Uma coisa que o Sérgio também mencionou é que a OpenAI não é uma empresa muito antiga. Ela foi fundada no final de 2015, praticamente em 2016, se pensarmos nisso. Então, ela tem apenas cerca de 6 anos de existência. E conseguiram desenvolver algo que está mudando e continuará a mudar o jogo.
Será que os indianos conseguirão chegar ao mesmo nível com apenas 5 anos de treinamento?
Sérgio Lopes
É, o ponto dele é que daqui 5 anos o OpenAI já tá… putz…
Sébastien Stecker
É o “first mover advantage” como eles falam em inglês.
Fabricio Carraro
É a vantagem de quem chega primeiro, basicamente.
Sébastien Stecker
Sim, sim.
Fabricio Carraro
Algo assim.
Sébastien Stecker
Acho que nesse caso se aplica sim.
Fabricio Carraro
E eu queria abordar agora a parte das ferramentas, as ferramentas de inteligência artificial aplicada que vocês estão utilizando recentemente. Então, no seu dia a dia nas últimas semanas, há algo novo ou algo que vocês gostariam de mencionar aqui para os nossos ouvintes?
André Cunha
Eu não tenho usado nenhuma ferramenta muito nova, mas tenho aprendido mais sobre o Whisper, que é da própria OpenAI.
Com o Whisper, é possível fazer o upload de áudios e vídeos para que sejam transcritos. Além disso, há formas de passar um prompt para ele antes de gerar a transcrição. Essa abordagem contextual melhora bastante o resultado final em comparação com a transcrição bruta.
Palavras que normalmente os transcritores costumam errar, como nomes de pessoas ou nomes de ferramentas específicas, podem ser incluídas no contexto, e o Whisper dá prioridade a essas palavras quando as detecta. Isso faz com que o resultado fique muito próximo de 100%, pelo menos em vídeos curtos.
E até mesmo em vídeos longos, o resultado tem sido muito bom.
Fabricio Carraro
A gente gravou um episódio do Nerdtech com o pessoal do Nerdcast recentemente, onde mencionamos e discutimos bastante sobre o Whisper. Nesse episódio, eu também mencionei que tenho utilizado o Whisper em um podcast que ensina português para estrangeiros. E é impressionante o quanto ele é superior às ferramentas que eu usava antes.
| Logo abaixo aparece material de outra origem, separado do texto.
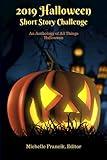2019 Halloween Short Story Challenge: An Anthology of All Things Halloween (Short Story Challenge Anthologies)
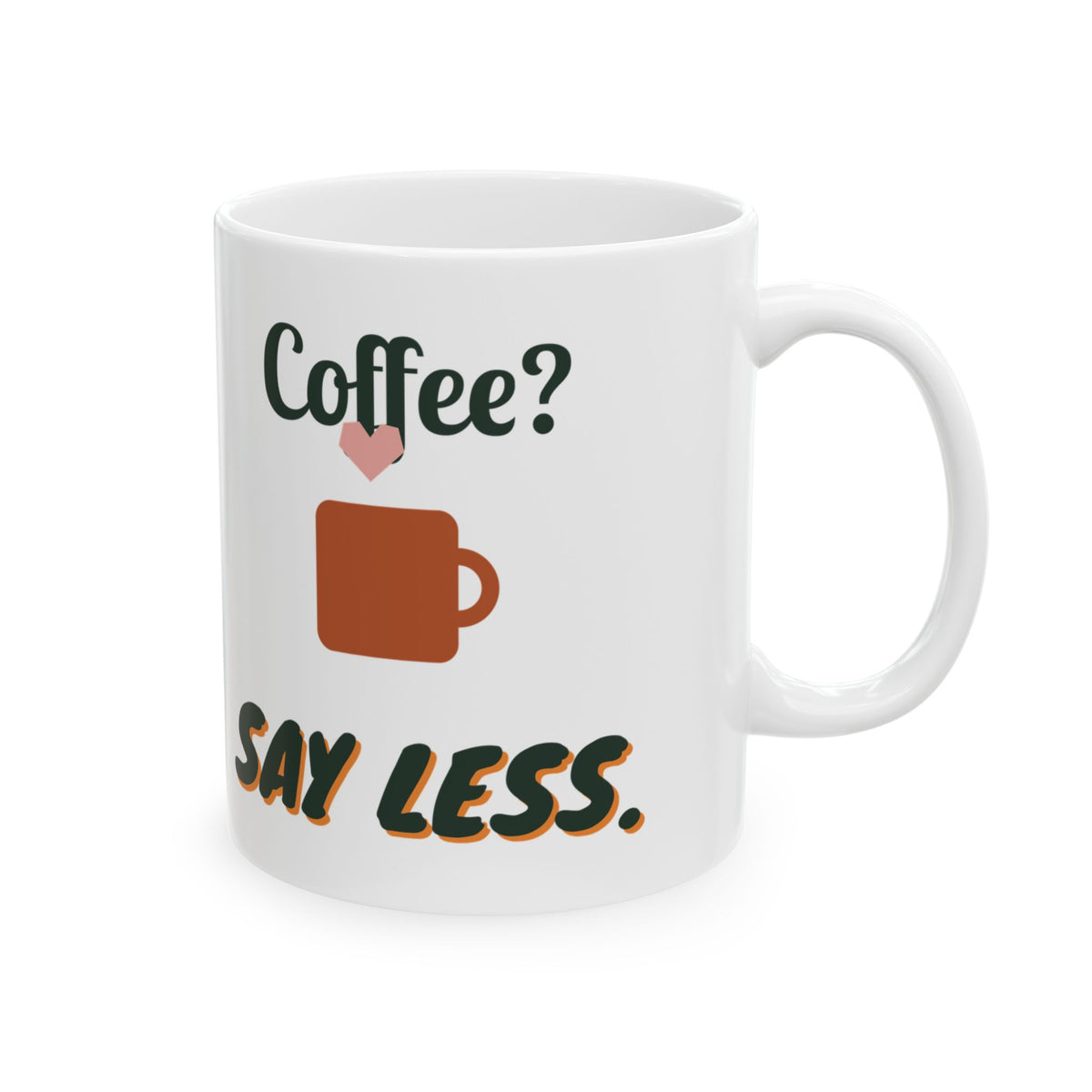 Coffee? Say Less. Mug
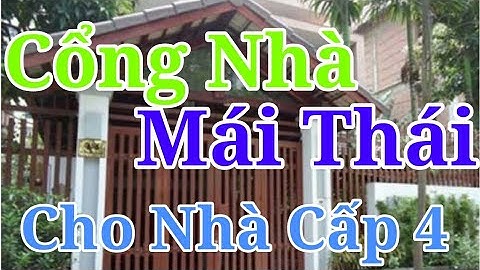 15 mẫu cổng mái thái cho nhà cấp 4 - incihouse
Mesmo sem prompt, o Whisper entrega uma transcrição com uma precisão de 98%, 99%, no mínimo 95%. Além disso, ele realiza a pontuação e os espaços corretamente. É uma das ferramentas que mais me surpreende, o Whisper. Exceto pelas ferramentas de imagens, é uma classe à parte para mim.
Sébastien Stecker
Sim, André, o que você mencionou é verdadeiro e interessante sobre o Whisper. É possível utilizar um prompt, e essa é uma descoberta que fiz recentemente. Embora o Whisper tenha sido lançado no ano passado, outra coisa interessante é que ele é da OpenAI, mas também é open source. Isso significa que há muitas pessoas no GitHub que publicam versões diferentes ou tentam aprimorar o modelo de diversas maneiras.
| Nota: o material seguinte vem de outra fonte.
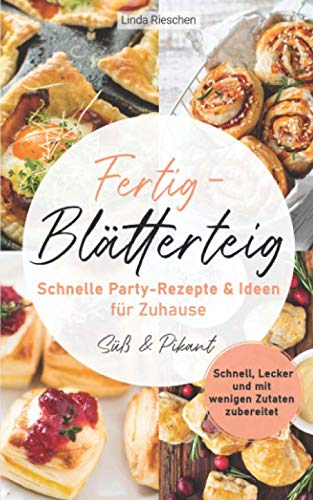 Fertig-Blätterteig Schnelle Party-Rezepte und Ideen für Zuhause: Schnell, Lecker und mit wenigen Zutaten zubereitet - Süß und Pikant Leisure, Home & Garden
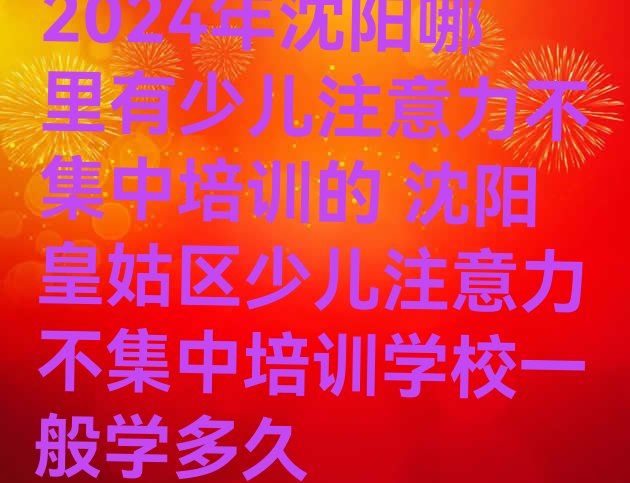 2024年沈阳哪里有少儿注意力不集中培训的 沈阳皇姑区少儿注意力不集中培训学校一般学多久”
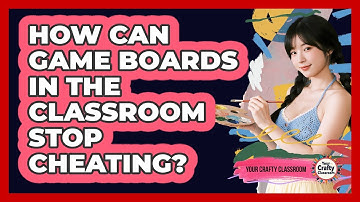 How Can Game Boards In The Classroom Stop Cheating? - Your Crafty Classroom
Por exemplo, eu utilizei o modelo para filmes e percebi que não funciona muito bem nesse contexto. O modelo base inicial tem algumas alucinações quando há música, por exemplo, e ocorrem coisas estranhas. Na verdade, não entendo o motivo, mas existem pessoas que têm conseguido melhorar isso e descobriram várias maneiras de resolver esses problemas. Portanto, é uma vantagem do Open Source, e acredito que a OpenAI compreendeu como a comunidade Open Source pode aprimorar esse modelo.
Fabricio Carraro
Teve uma coisa interessante que o Sebastien me mostrou durante esta semana. É uma outra ferramenta chamada ControlNet, que ainda não está exatamente pronta para o público, mas dá para brincar.
O Sebastien descobriu um grupo de pessoas no Reddit que estão criando QR Codes de uma maneira maravilhosa. Você sabe, aqueles códigos que você escaneia com o celular em um restaurante? Aliás, sou contra menus com QR Codes, acho que isso deveria ser abolido.
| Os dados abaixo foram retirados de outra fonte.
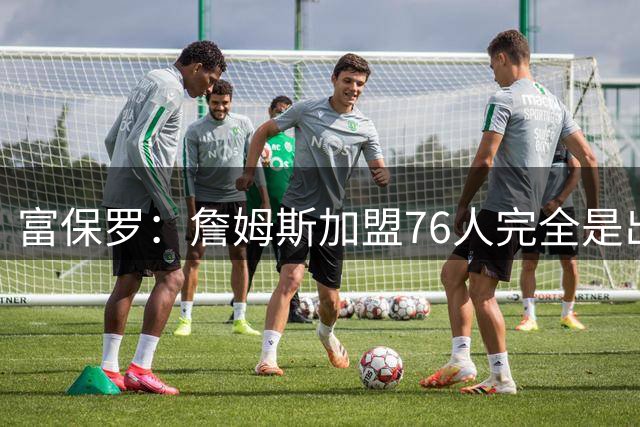 富保罗：詹姆斯加盟76人完全是出于对篮球的热爱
Mas voltando ao assunto, esses criadores estão estilizando os QR Codes de uma forma incrível. Eles usam desenhos lindíssimos, com animações e cidades futurísticas. Quando você olha, vê apenas um desenho, mas consegue identificar os três quadradinhos característicos do QR Code. Aí você coloca o celular para escanear e o aplicativo entende que é um QR Code e faz a leitura para você. É uma forma de personalizar e dar estilo aos códigos.
Eles estão utilizando, se não me engano, a inteligência artificial do Stable Diffusion, que é algo similar ao DALL-E e ao Mid-Journey, responsáveis por criar imagens. Mas a diferença é que o Stable Diffusion é open source, então você pode treiná-lo como quiser, juntamente com esse ControlNet.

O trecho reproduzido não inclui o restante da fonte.